Project - transcribe.cpptranscribe.cpp Apr 2026 - now I'm super excited to share transcribe.cpp today.

transcribe.cpp is a ggml based transcription library which supports all the latest transcription models. Every model published under the handy-computer HF org has been numerically validated and WER tested to match the reference implementation. It's accelerated everywhere.

I'm the author and maintainer of Handy. This library grew from the pains of distributing a cross-platform speech-to-text application to many people.

This is a v0.1.0 library which means that there are some rough edges which I cannot discover alone! Please report them, and let's fix them together!

Motivation

Let me say this. I think distributing a cross-platform application with the current ASR inference stack is terrible.

You've basically got whisper.cpp and ONNX. That's it. You could roll MLX in for Apple devices, but now you've to support two different engines and port models to each.

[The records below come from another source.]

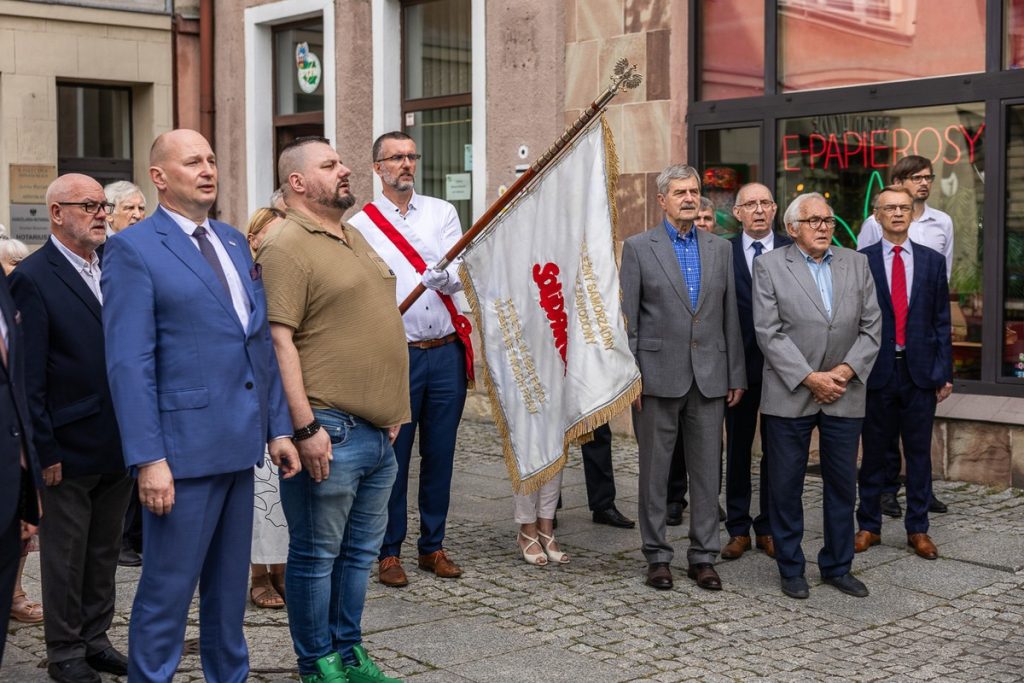 Złożenie kwiatów pod tablicą poświęconą Ludziom Solidarności Regionu Toruńskiego, fot. Szymon Zdziebło/tarantoga.pl dla UMWKP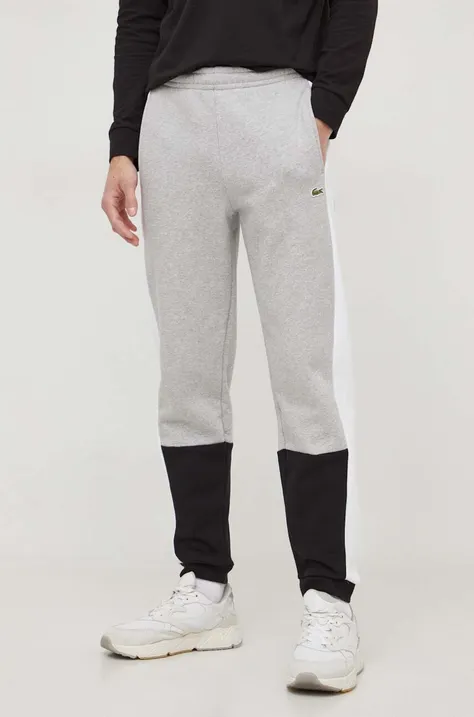 Спортен панталон Lacoste в сиво с десен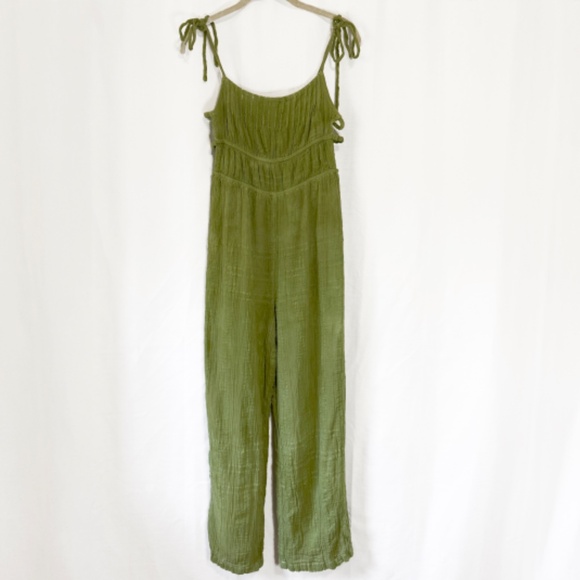 Urban Outfitters Olive Green Courtney Cotton Tie Shoulder Jumpsuit Size Medium - Picture 2 of 8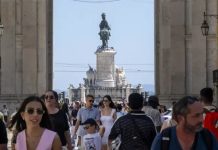 Portugal mantiene desplegados a más de 1.700 bomberos en los principales incêndios (+ Detalles)
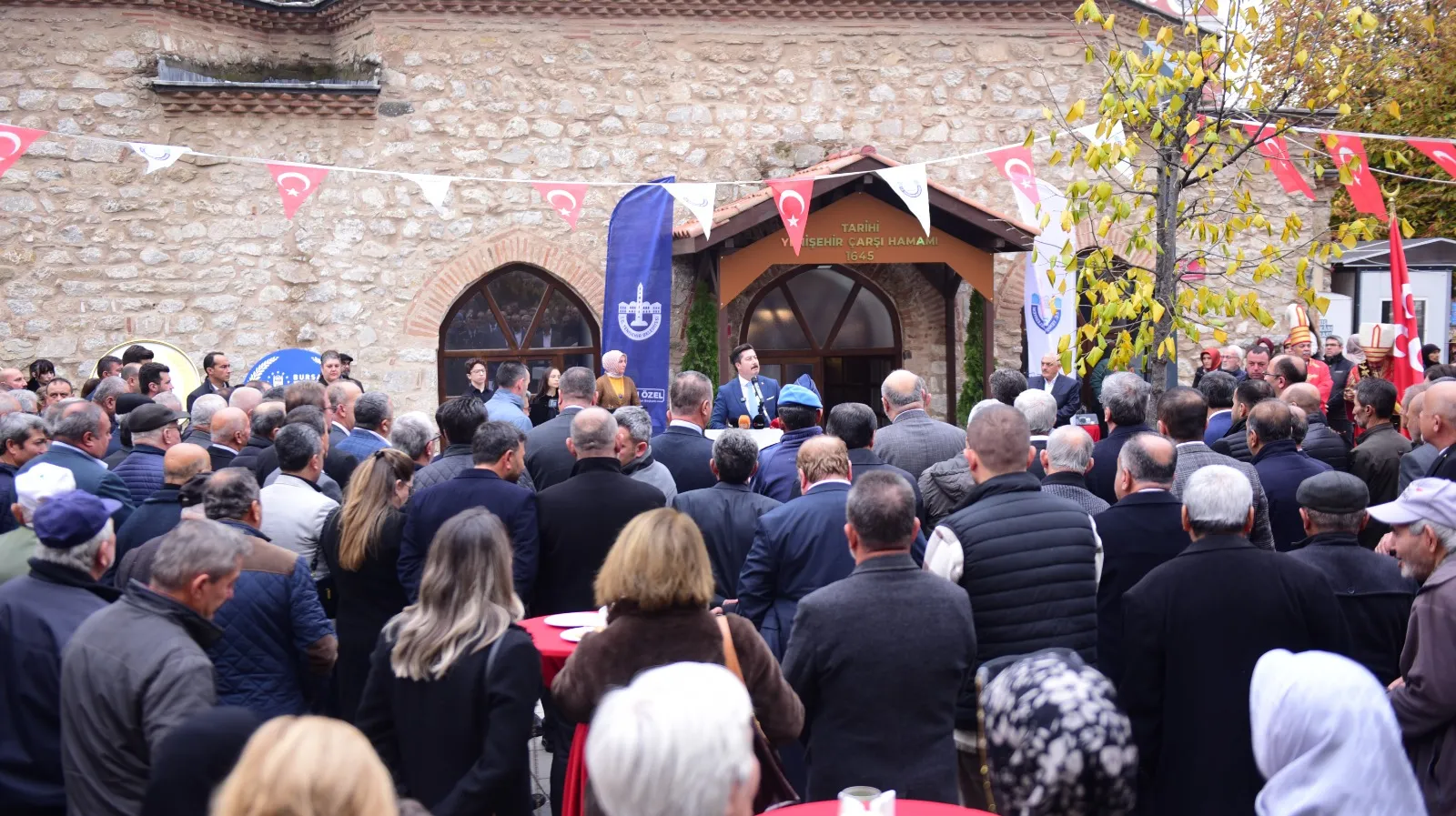 Tarihi Yenişehir Çarşı Hamamı Coşkulu Bir Törenle Yeniden Açıldı! (12)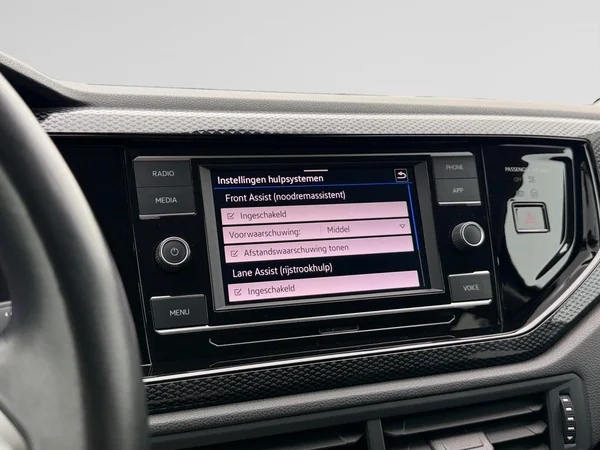 VOLKSWAGEN Taigo (2024) — foto 4 van 18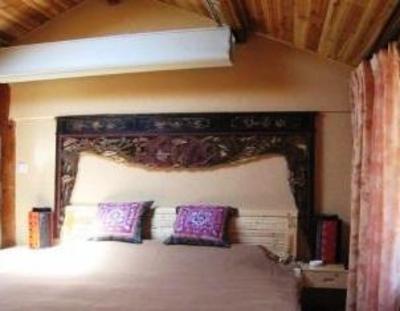 фото отеля Lijiang Shu He Shangshanruoshui Inn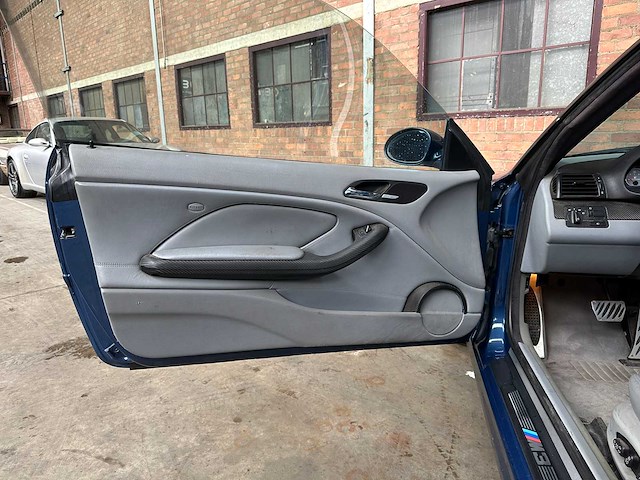 Bmw m3 e46 cabriolet 3.2 343pk s54b32 343pk 2002 youngtimer - afbeelding 24 van  43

I've been a fan of ONNX for getting model support into Handy quickly, but so much performance is left on the table with CPU only.

There are a few random libraries out there which claim to support a lot of models, but they have unknown authors, and unknown testing, as far as I've seen. They leave me with more questions than answers.

When will they stop maintaining this library? Has the creator thought about bindings so you can actually use it in a real desktop or mobile app? Is this effectively demo code? Have they benchmarked it? Is it faster than ONNX?

And this is what led to transcribe.cpp. As Handy's maintainer I needed a library I could trust. Where I could download a file and run inference on it. Where I can know that the inference coming from the model in the engine is as good as the reference implementation. The inference should run on the GPU for the best performance. It should be trivially embeddable in Handy, it cannot be a huge pytorch lib. It must be something that works on Mac, Windows, and Linux. And ggml seemed like by far the best way forward. It has a strong community, and a great distribution story.

So what do you get?

You get a fast and accurate inference engine with wide ranging model support.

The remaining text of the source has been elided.